Exercise brief — Copy out all of the lines below exactly; the pictures do not belong in the copy.

Information supplied —
....................
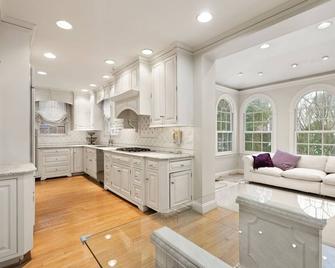 Luxury Home with Private Pool, Heart of Old Town, Hosts 14+, 9bd, 99 walk score - Alexandria - Cuisine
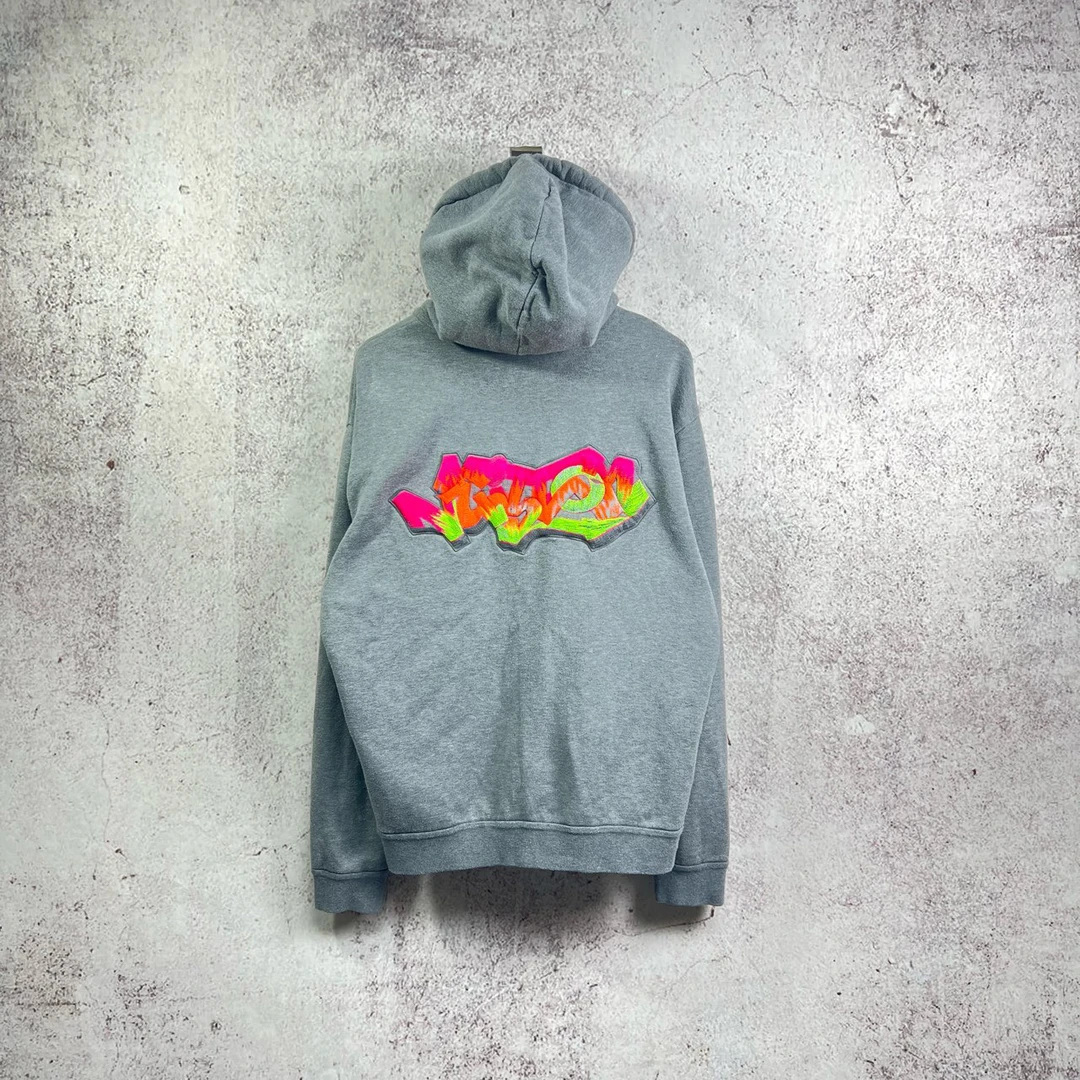 全新存放品/路易威登 立体logo 灰色拉链卫衣 / L码 / 2477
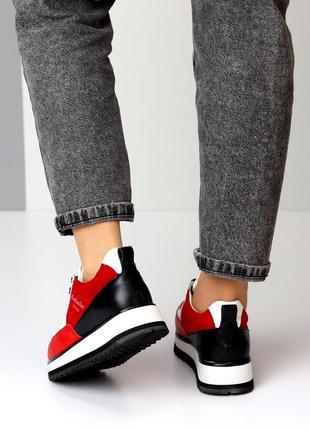 Стильные женские кроссовки, натуральные в красном цвете, легкая модель на шнурках 36,37,38,39,40,415 фото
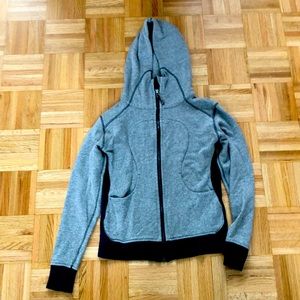 Grey lululemon scuba full zip hoodie size 6 in excellent used condition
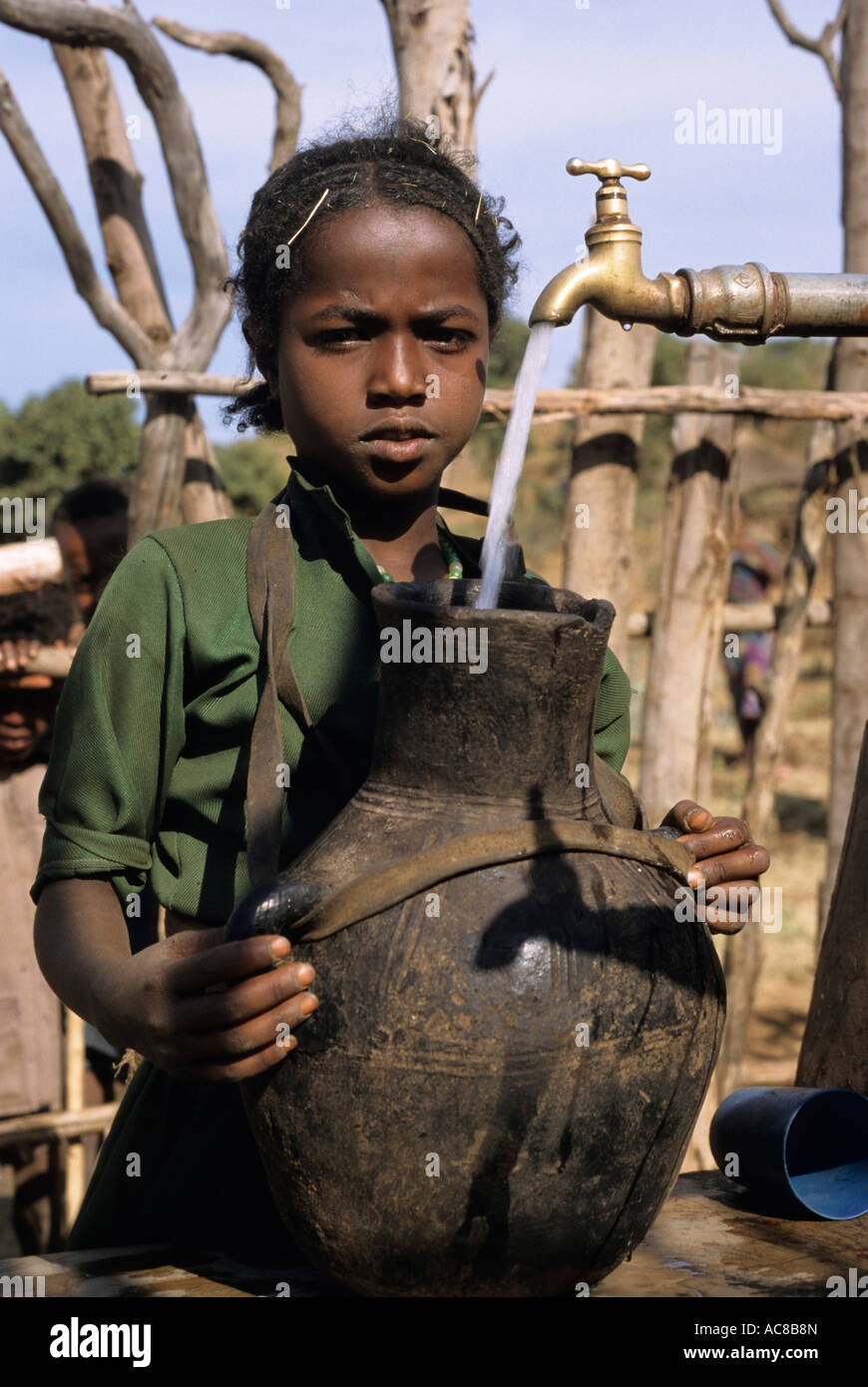 Clay water pot africa hires stock photography and images Alamy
....................
Response for this exercise —
 Luxury Home with Private Pool, Heart of Old Town, Hosts 14+, 9bd, 99 walk score - Alexandria - Cuisine
 全新存放品/路易威登 立体logo 灰色拉链卫衣 / L码 / 2477
 Стильные женские кроссовки, натуральные в красном цвете, легкая модель на шнурках 36,37,38,39,40,415 фото
 Grey lululemon scuba full zip hoodie size 6 in excellent used condition
 Clay water pot africa hires stock photography and images Alamy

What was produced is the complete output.